======== Data listing ========

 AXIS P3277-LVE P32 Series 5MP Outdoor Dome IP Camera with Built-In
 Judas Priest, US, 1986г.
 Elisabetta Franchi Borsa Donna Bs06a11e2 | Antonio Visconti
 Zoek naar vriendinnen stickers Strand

========
======== Data listing ========

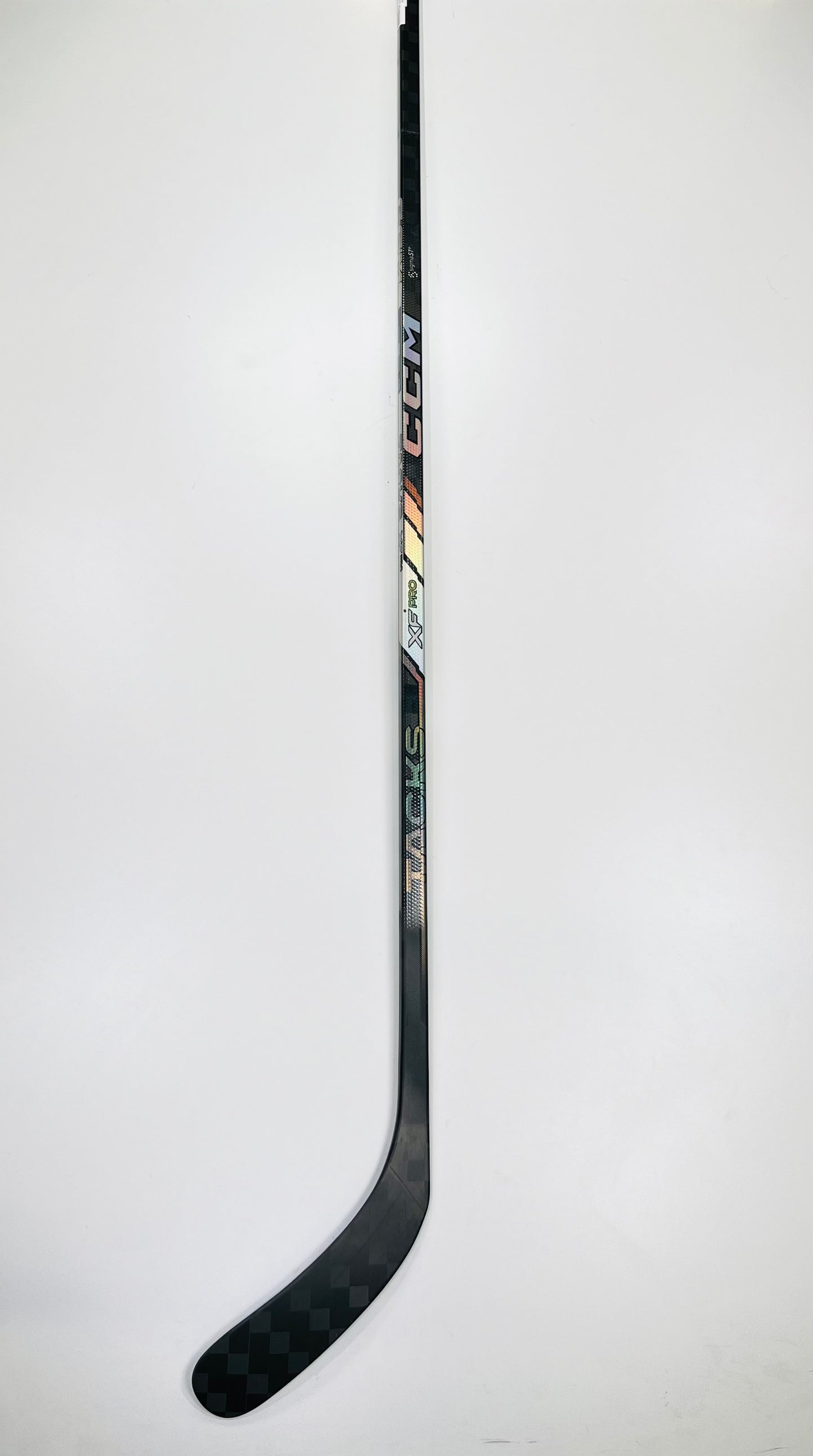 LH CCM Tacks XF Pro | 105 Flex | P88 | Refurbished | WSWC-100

========
======== Data listing ========

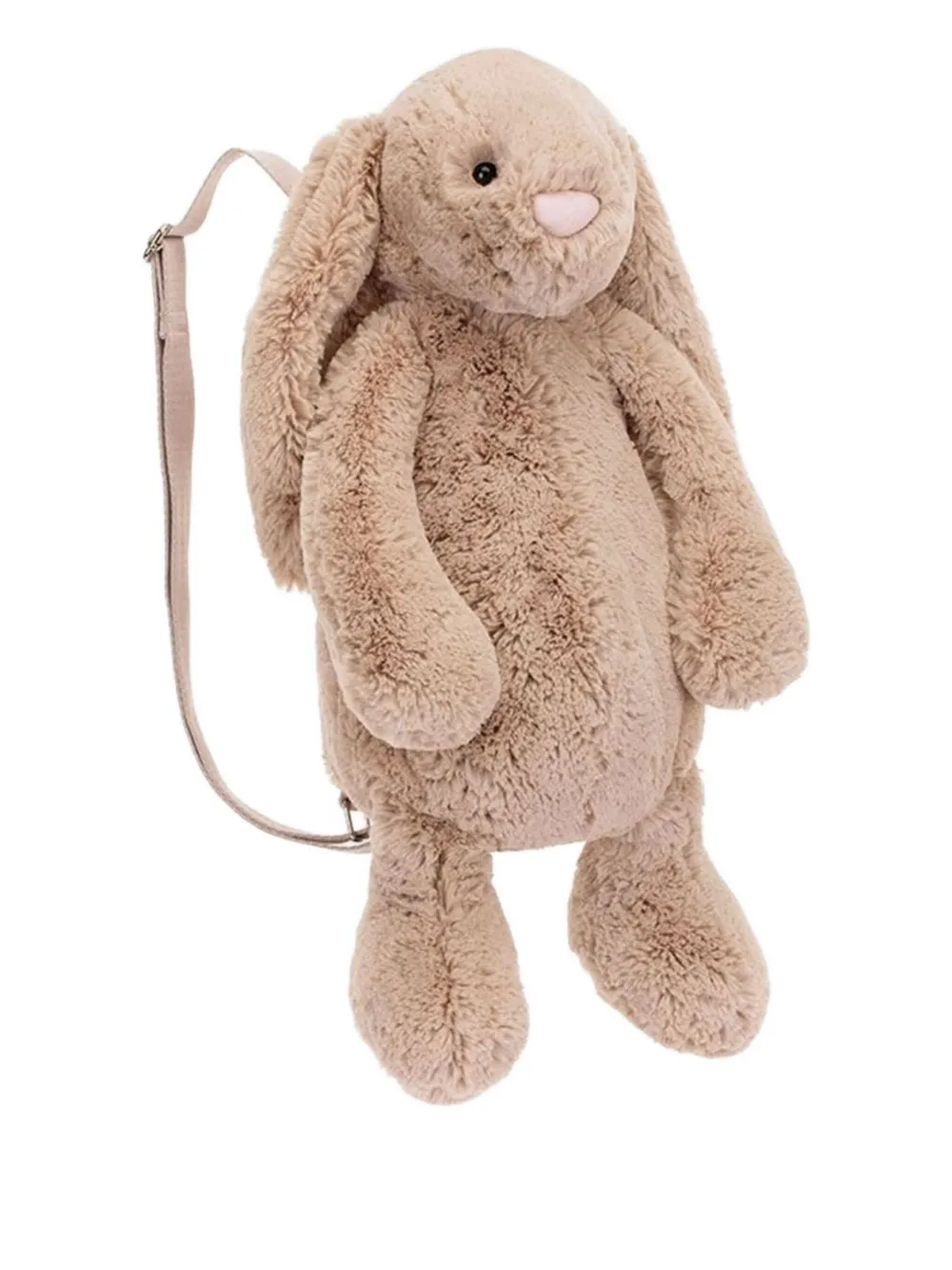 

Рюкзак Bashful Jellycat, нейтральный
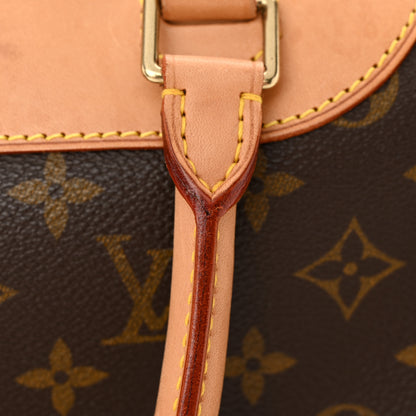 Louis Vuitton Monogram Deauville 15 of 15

========

[Task instructions] Set down, exactly as they stand above, the lines starting with the line with "Judas Priest, US, 1986г." and going on through the line with "Zoek naar vriendinnen stickers Strand", and no others.

[Answer to this exercise]
 Judas Priest, US, 1986г.
 Elisabetta Franchi Borsa Donna Bs06a11e2 | Antonio Visconti
 Zoek naar vriendinnen stickers Strand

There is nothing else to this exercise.